Chinese filmmaker Zou Jing has won the €2,500 Next Step Hildegarde award from Cannes’ Critics’ Week for her upcoming debut feature A Girl Unknown. Didar Domehri of France’s Maneki Films has come on to co-produce the film with Yan Wang of China-France production house Memoria Films.
The film is a coming-of-age tale about identity that follows the journey of a young Chinese girl from age six through her thirties who lives with three different families.
It explores how China’s one-child policy affected generations of abandoned girls in the country from the 1980s to the 2000s.

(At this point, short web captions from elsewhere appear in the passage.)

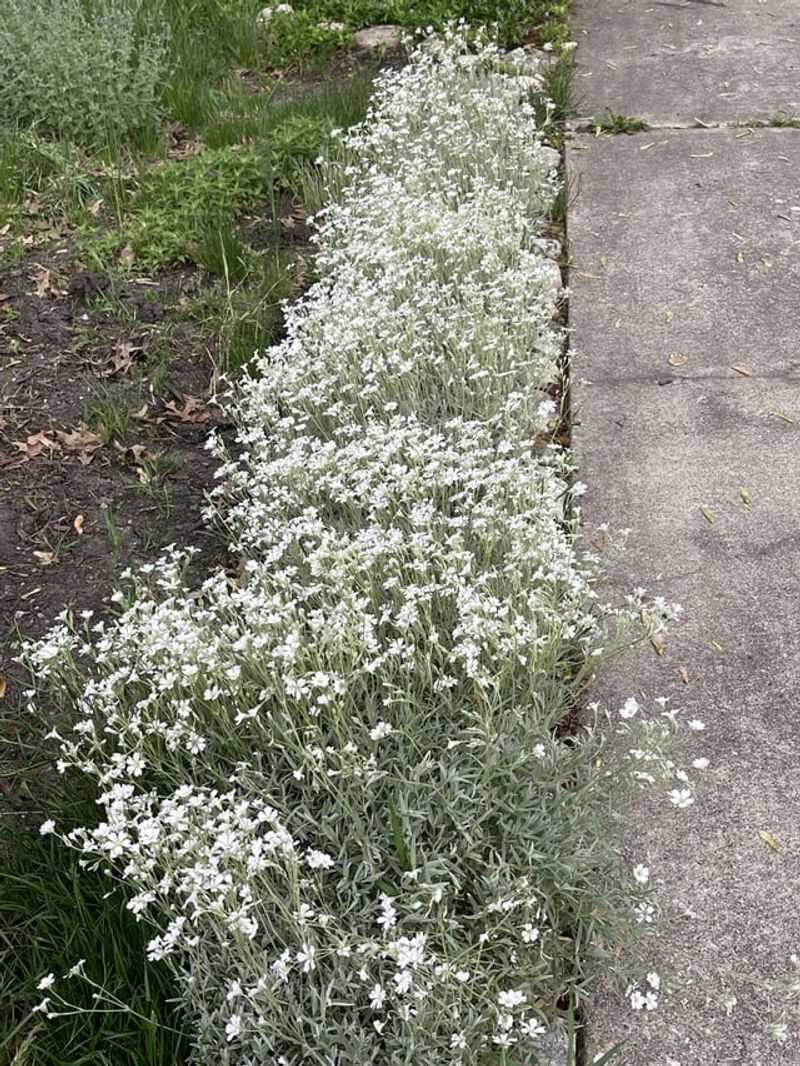 Snow-In-Summer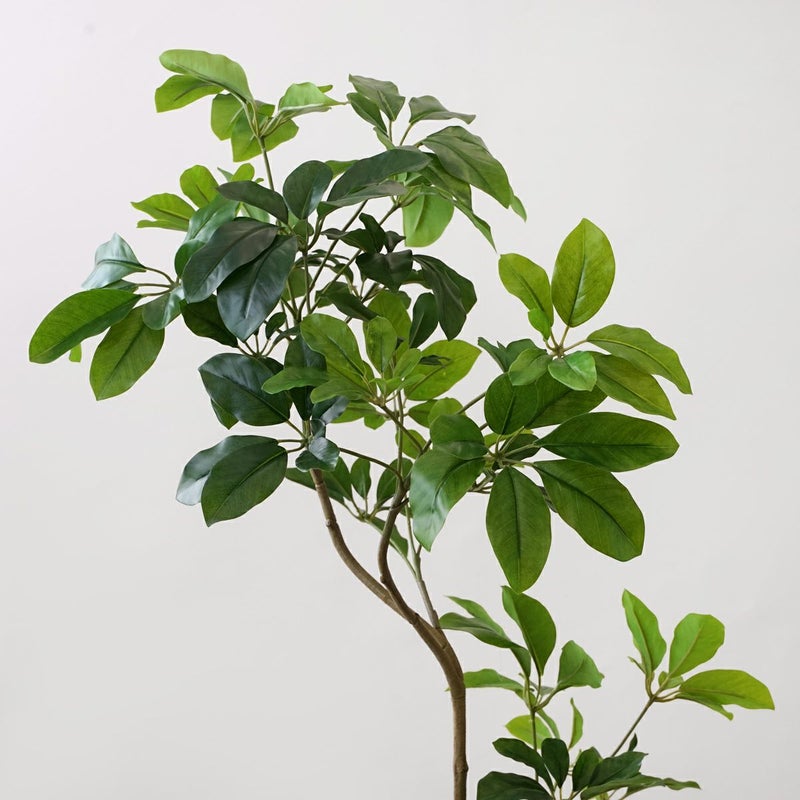 シェフレラM フェイクグリーン [59]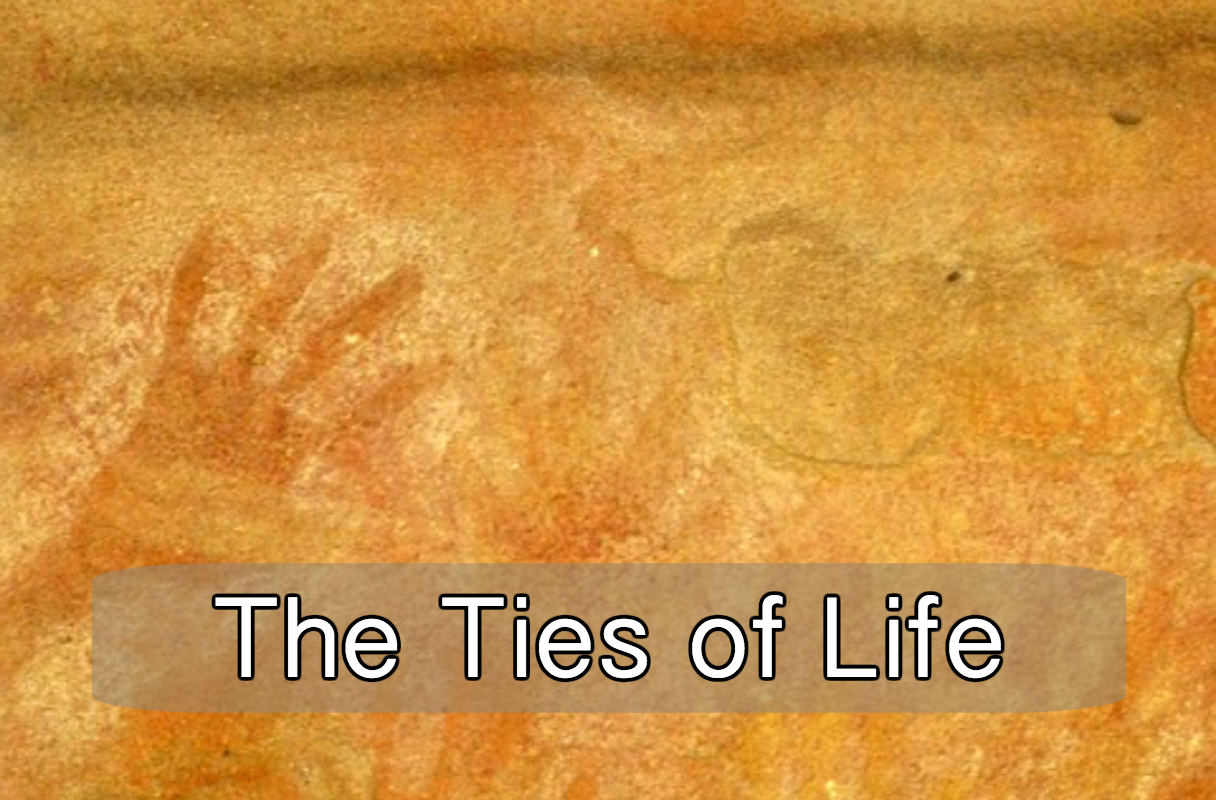 The Ties of Life
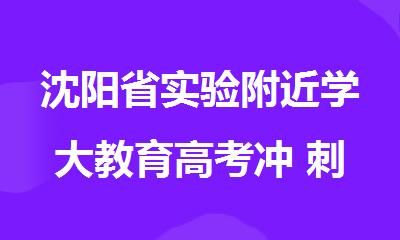 沈阳省实验附近学大教育高考冲 刺一对一班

The writer-director previously won the 2021 Critics’ Week prize for her short film Lili Alone that won a slew of awards and screened at more than 80 international film festivals. A Girl Unknown is set to shoot at the end of this year in China.
Ten short-film directors from across the globe were selected to participate in the 10th edition of the Next Step programme that took place in Normandy and Paris in December and brings together filmmakers who have premiered their films at Critics’ Week to present their upcoming features in development during a workshop with industry mentors.
Previous films from the programme include Matthew Rankin’s 2024 Directors’ Fortnight feature Universal Language, 2024 Berlin premieres Qiu Yang’s Some Rain Must Fall and York’s Zois’ Arcadia, plus Molly Manning Walker’s How To Have Sex and Felipe Galvez’s The Settlers’among 35 completed features to date.
Critics’ Week wraps in Cannes tomorrow (May 23).